Arranjara um fumaça de instrução, que lhe levaram à casa os melhores professores da terra, tocava piano como toda menina que tem piano, e odiava cozinha pelo cuidado que lhe mereciam as mãos, de pele muito fina e unhas em ponta, que ela tratava, esfregava, polia durante uma boa meia hora diária, antes do almoço.
Mas sua principal distinção, a que a maior número de admiradores lhe conquistara era a dança. Nos bailes de casas amigas, nos do Natal Clube ou nos famosos maxixes políticos do “Carlos Gomes”, ela figurava entre as mais espevitadas dançarinas de tango e de todas as palhaçadas de nomes anglo-saxônios, cujos requebros e tremeliques, mais ou menos obnóxios, conhecia como profissional.
Desnudada por uns vestidinhos de dois metros de finíssima fazenda batizada em francês, que exasperavam o pobre Azevedo, não pelo preço de arrancar couro, mas por não exercerem com eficácia, ao menos mediana, a principal função do indumento, ela era para certos pares, provavelmente sem intenção, uma perigosa allumeuse.

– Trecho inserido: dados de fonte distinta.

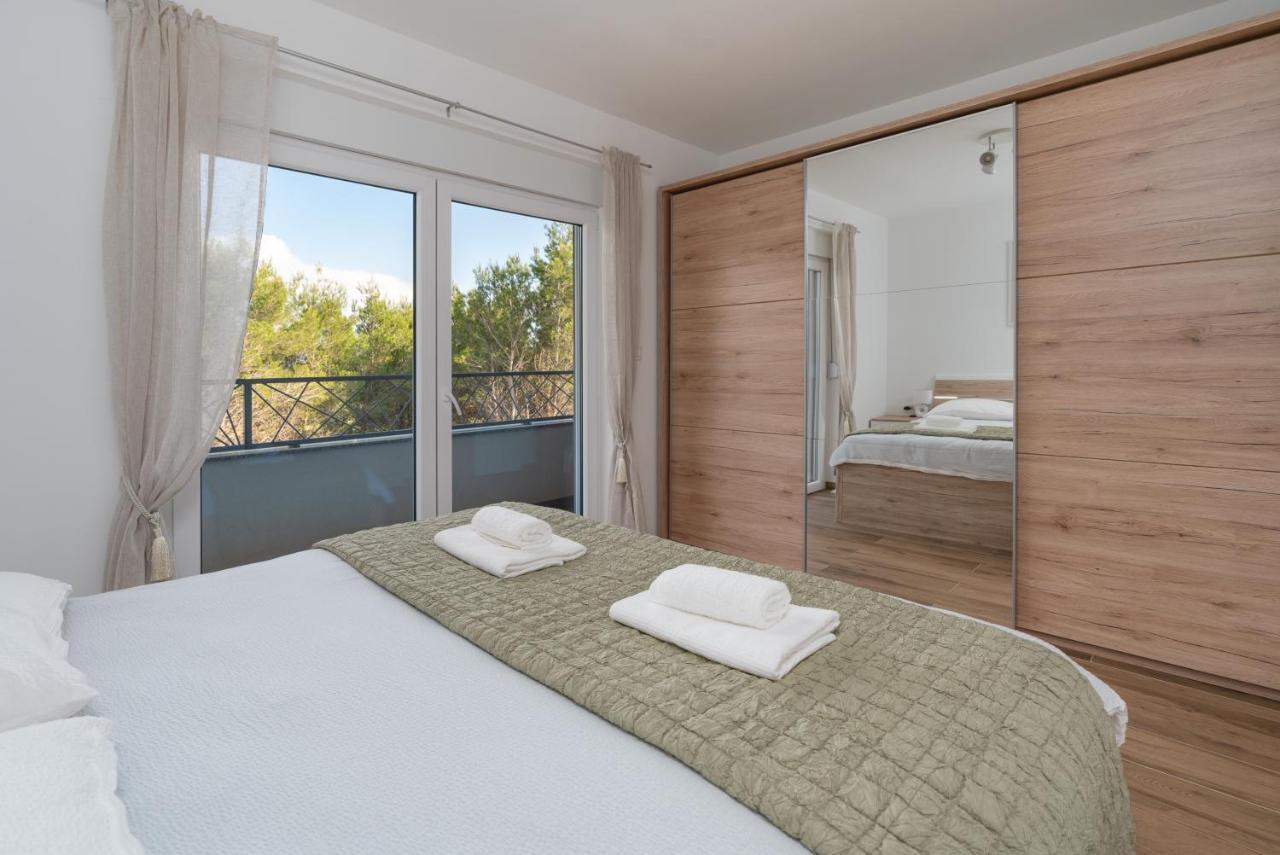 Number One Apartments วีร์ ภายนอก รูปภาพ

E a inconsciência com que assentia em transformar a dança numa lida de borboletas sobre corolas de flores, só podia ser ingenuidade, porque não seria justo, na sua idade e estado, procurar outra explicação.
Por esta particularidade, que a sua beleza tanto realçava, era muito solicitada, sobretudo por dançadores desprovidos de escrúpulos ou carecidos de estímulos" (FEITOSA, 2003, p. 24-25).
Um romance surpreendente!
Aqueles leitores que gostam de personagens femininas transgressoras certamente irão gostar!